Toujours pas de salaire pour les stagiaires

Après des années à militer, les stagiaires auront finalement droit à une meilleure protection en milieu de travail grâce au projet de loi 14, déposé le 24 février à l’Assemblée nationale. Mais combien de temps devront-ils et elles encore attendre pour que leurs stages soient rémunérés?

Les mobilisations de 2018 et 2019 pour la rémunération et les droits des stagiaires ont porté fruit, du moins en partie. Les quelque 195 000 stagiaires au Québec pourront être protégé(e)s face au harcèlement et aux violences sexuelles, ainsi qu’avoir droit à des recours au Tribunal administratif du travail.

Des jours fériés et de maladies seront aussi garantis par la loi, de même que des congés sociaux lors du décès d’un proche, de la naissance ou de l’adoption d’un enfant, d’obligations liées à une personne à charge et, plus largement, pour des événements comme un mariage et des funérailles.

Ces nouveaux droits constituent un pas en avant, mais ce qui est frappant, c’est que ces derniers n’arrivent qu’en 2022. C’est désolant de voir comment les stagiaires sont considéré(e)s comme des employé(e)s de seconde zone en vertu de la loi.

Bien que ce projet de loi, qui devrait être adopté lors de la présente session parlementaire, soit vu comme une victoire par différents regroupements étudiants, il comporte certaines lacunes dans sa mouture actuelle.

Les congés de longue durée, dont les congés parentaux, en sont exclus, ce qui risque de pénaliser les femmes de manière disproportionnée en raison de conditions de travail moins bonnes que dans les domaines à prédominance masculine. Le document ne précise pas non plus quel type de stagiaire sera protégé. Que ce soit un stage d’observation, non obligatoire, ou de mise en œuvre des compétences, tous et toutes devraient avoir les mêmes droits.

Certains groupes étudiants s’inquiètent aussi des pouvoirs du Tribunal administratif du travail, qui constitue la première instance en cas de recours. Le Tribunal se réserve le droit d’intervenir dans le dossier universitaire des membres de la communauté étudiante. Or, ce dernier ne possède en théorie aucune expertise en la matière. Il est donc important que les rôles et les responsabilités des milieux de stage, des établissements d’enseignement et du Tribunal soient mieux définis.

Toutefois, la grande lacune reste que la rémunération des stagiaires est complètement écartée du projet de loi. Le droit à un salaire devrait pourtant être la base de toutes conditions de travail.

Camille Delrieu, membre du collectif Un salaire pour toustes les stagiaires, se réjouit de voir le dossier avancer. Elle croit cependant que ces nouveaux droits ne régleront pas la précarité vécue par les stagiaires. « Si tu fais une plainte pour harcèlement, ça prend énormément de preuves. C’est un processus difficile et long pour obtenir un gain de sa réclamation », explique la stagiaire en troisième année au baccalauréat en travail social à l’Université du Québec à Montréal (UQAM).

Concernant la rémunération des stages, le gouvernement avait lancé un programme de bourses à la suite des grèves de 2019, mais elles sont insuffisantes. D’une valeur d’un peu plus de 2500 dollars, elles couvrent à peine les frais de scolarité. Ces bourses ne concernent que certains programmes et rien n’indique qu’elles seront pérennes. De plus, elles ne peuvent pas être combinées aux nouvelles bourses incitatives, qui seront octroyées à partir de l’automne prochain, afin de pallier le manque de personnel dans des secteurs stratégiques. Par ailleurs, seul(e)s les étudiants inscrits et les étudiantes inscrites à temps plein seront admissibles.

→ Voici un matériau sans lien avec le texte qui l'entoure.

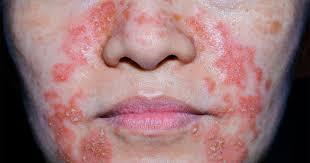 Eczema is a condition that causes inflamed, itchy, cracked, and rough skin. Seborrhoisches Ekzem Ursachen Symptome Behandlung Kanyo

La solution ne passe donc pas par des bourses, mais par la salarisation des stagiaires. Une revendication clamée haut et fort lors des récentes journées de grève à la fin mars en marge de la sortie du budget 2022-2023. Le gouvernement, qui est pour l’instant resté muet comme une tombe, prêtera peut-être une oreille plus attentive en raison de la pénurie de main-d’œuvre. « Je pense que si on fait la grève des cours, mais aussi des stages, ça permet de mettre un moyen de pression et de montrer le travail que les stagiaires font dans les milieux », souligne Catherine Fontaine, aussi membre du collectif Un salaire pour toustes les stagiaires et étudiante en travail social.

C’est bien beau avoir des droits ou des bourses, mais encore faut-il être capable de payer son loyer. Tout travail mérite un salaire.